As technology offers the chance to change people’s ages, transform black-and-white footage into colour, and bring actors back from the dead, we explore how this is shaping our perception of history and what it means for actors’ futures

Had The Irishman been produced when Martin Scorsese and Robert De Niro first started developing it back in 2007, it would have looked markedly different. At the centre of the film’s hype has been both the all-star trifecta of De Niro, Al Pacino and Joe Pesci, and an ambitious proposition: to use CGI to digitally ‘de-age’ the characters throughout the film’s fluctuating timeline as it tours through the life of ­hitman Frank Sheeran.

Making stars look younger on-screen is nothing new – image manipulation, prosthetics, and good old make-up have been tampering with time for years. ­Rather than use motion capture, however, the team working on The Irishman instead developed a new rig including ‘witness’ infrared cameras designed to give a better trans­lation into 3D. The CGI was informed by real material filmed throughout each ­actor’s career, which was pieced together to create a younger version of the characters, rather than the actors.

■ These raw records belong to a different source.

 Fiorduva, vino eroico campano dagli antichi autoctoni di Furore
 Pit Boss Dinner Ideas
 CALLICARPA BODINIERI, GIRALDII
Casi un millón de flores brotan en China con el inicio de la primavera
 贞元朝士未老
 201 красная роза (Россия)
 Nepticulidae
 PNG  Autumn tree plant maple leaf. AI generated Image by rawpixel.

“Scorsese’s design of the characters was based on the fact that he didn’t want to rewind 30 years and find Jimmy Conway from Goodfellas,” explains Pablo Helman, visual effects supervisor at ILM, the studio behind the de-ageing effects. “The director is creating a younger version of Frank Sheeran, who was 6ft 4in tall and weighed 240lbs. So, his face is wider and overall he has a heavier presence.” Likewise, Pesci’s character, Russell Bufalino, is depicted as a thin 53-year-old, rather than the Pesci we see in Home Alone, who was in his 50s at the time.

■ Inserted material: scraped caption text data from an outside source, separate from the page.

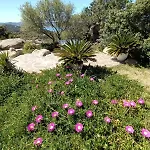 La Casa Vecchia Baja Sardinia * Cala Bitta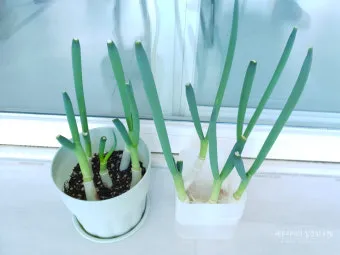 텃밭 대파 키우는 법 토양 북주기 웃거름 병해 예방_10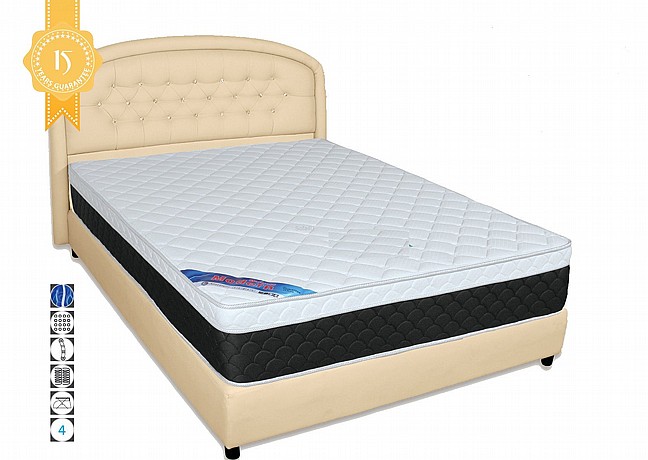 ����� +���� ������� 4 �"� ��� : ANATOMIC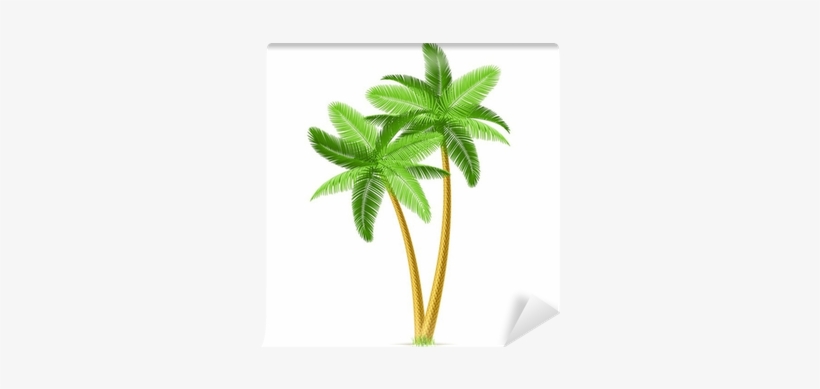 Tropical Palm Trees - Flamingo Nest, transparent png download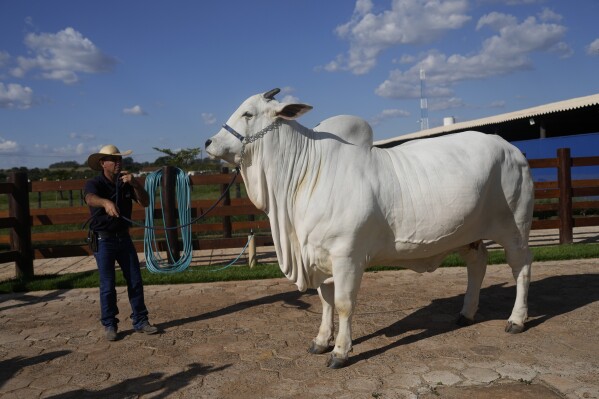 A stockman shows off the Nelore cow known as Viatina-19 at a farm in Uberaba, Minas Gerais state, Brazil, Friday, April 26, 2024. Viatina-19 is the product of years of efforts to raise meatier cows, and is the most expensive cow ever sold at auction, according to Guinness World Records. (AP Photo/Silvia Izquierdo)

Top: Still from The Irishman; Above: A before and after comparison of the digitally de-ageing technique used on Joe Pesci. Image courtesy of ILM

“Scorsese’s design also took into account that these characters have had a ‘difficult’ life. Basically, they were damaged goods,” Helman adds. “[He] is creating characters; it’s the same thing he would do if he had used an approach based on physical make-up.”

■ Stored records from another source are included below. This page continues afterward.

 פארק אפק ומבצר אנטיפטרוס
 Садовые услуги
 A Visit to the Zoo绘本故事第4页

BRINGING HISTORY BACK INTO COLOUR

Though The Irishman is loosely based on true events – real people, at least – it is detached enough that the team could construct their own vision for each character. Yet other films tackling real events have a duty to avoid taking too many artistic liberties. When Peter Jackson’s poignant First World War film They Shall Not Grow Old was released in 2018, it met with universal acclaim for having brought the people and events along the Western Front a century prior back into vivid colour.